Ligging bedrijventerrein Kollenburg in Didam ten opzichte van Natura 2000-gebied 'Gelderse Poort'.
Ecologische Hoofdstructuur
Een andere vorm van gebiedsbescherming komt voort uit aanwijzing van een gebied als Ecologische Hoofdstructuur (EHS). Voor dergelijke gebieden geldt dat het natuurbelang prioriteit heeft en dat andere activiteiten niet mogen leiden tot frustratie van de natuurdoelen en kernkwaliteiten. Anders dan bij Natura 2000-gebieden en soortbescherming is de status als EHS niet verankerd in de natuurwetgeving, maar dient het belang in de planologische afweging een rol te spelen.

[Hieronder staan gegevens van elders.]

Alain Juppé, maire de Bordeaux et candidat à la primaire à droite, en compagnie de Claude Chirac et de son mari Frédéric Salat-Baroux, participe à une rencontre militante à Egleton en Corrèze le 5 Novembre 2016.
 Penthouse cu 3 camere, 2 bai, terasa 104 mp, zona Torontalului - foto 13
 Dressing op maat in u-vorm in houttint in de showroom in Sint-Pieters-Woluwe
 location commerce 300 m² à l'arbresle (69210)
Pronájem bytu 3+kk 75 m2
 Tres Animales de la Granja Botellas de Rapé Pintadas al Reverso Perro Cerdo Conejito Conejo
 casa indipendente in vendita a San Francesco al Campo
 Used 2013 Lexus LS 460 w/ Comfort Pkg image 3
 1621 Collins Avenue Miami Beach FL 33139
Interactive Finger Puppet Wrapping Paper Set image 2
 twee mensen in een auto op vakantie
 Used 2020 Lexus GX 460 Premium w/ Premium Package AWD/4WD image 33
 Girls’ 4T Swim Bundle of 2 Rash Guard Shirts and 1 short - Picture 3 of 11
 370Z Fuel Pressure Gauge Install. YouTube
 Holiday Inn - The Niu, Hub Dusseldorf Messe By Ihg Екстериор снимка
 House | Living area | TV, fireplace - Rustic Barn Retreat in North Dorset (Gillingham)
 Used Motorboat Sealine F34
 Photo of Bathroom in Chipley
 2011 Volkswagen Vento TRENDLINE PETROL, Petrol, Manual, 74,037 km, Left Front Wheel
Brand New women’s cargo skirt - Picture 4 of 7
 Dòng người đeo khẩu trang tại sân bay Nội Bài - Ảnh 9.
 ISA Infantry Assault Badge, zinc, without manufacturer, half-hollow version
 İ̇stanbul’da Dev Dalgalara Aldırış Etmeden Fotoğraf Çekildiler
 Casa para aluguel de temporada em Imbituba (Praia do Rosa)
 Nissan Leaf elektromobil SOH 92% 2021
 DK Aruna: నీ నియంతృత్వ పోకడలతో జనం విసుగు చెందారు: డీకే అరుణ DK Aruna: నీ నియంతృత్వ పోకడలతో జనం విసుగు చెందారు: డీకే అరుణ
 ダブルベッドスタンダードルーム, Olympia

Dit valt onder de verantwoordelijkheid van het bevoegd gezag. Een deel van het plangebied grenst aan de EHS. Bedrijventerreinen 't Goor, Immenhorst en EBT in 's-Heerenberg grenzen in het zuiden aan De Wetering, een waterloop die ook wel Grenskanaal of de Wildt genoemd wordt. Deze waterloop vormt bij 's-Heerenberg de grens tussen Nederland en Duitsland en is aangewezen als ecologische verbindingszone. Omdat het om een consoliderend bestemmingsplan gaat worden geen nieuwe ontwikkelingen mogelijk gemaakt, waardoor er geen effecten te verwachten zijn op dit onderdeel van de EHS. Toekomstige activiteiten in of nabij de waterloop kunnen wel een negatief effect hebben. Als dergelijke ingrepen worden uitgevoerd, dient voorafgaand aan de ingrepen een beoordeling plaats te vinden of mogelijk effecten optreden. De andere bedrijventerreinen liggen op minimaal 1 kilometer afstand van de EHS, waardoor negatieve effecten bij voorbaat zijn uit te sluiten.
Ligging bedrijventerreinen 't Goor, Immenhorst en EBT in 's-Heerenberg ten opzichte van EHS.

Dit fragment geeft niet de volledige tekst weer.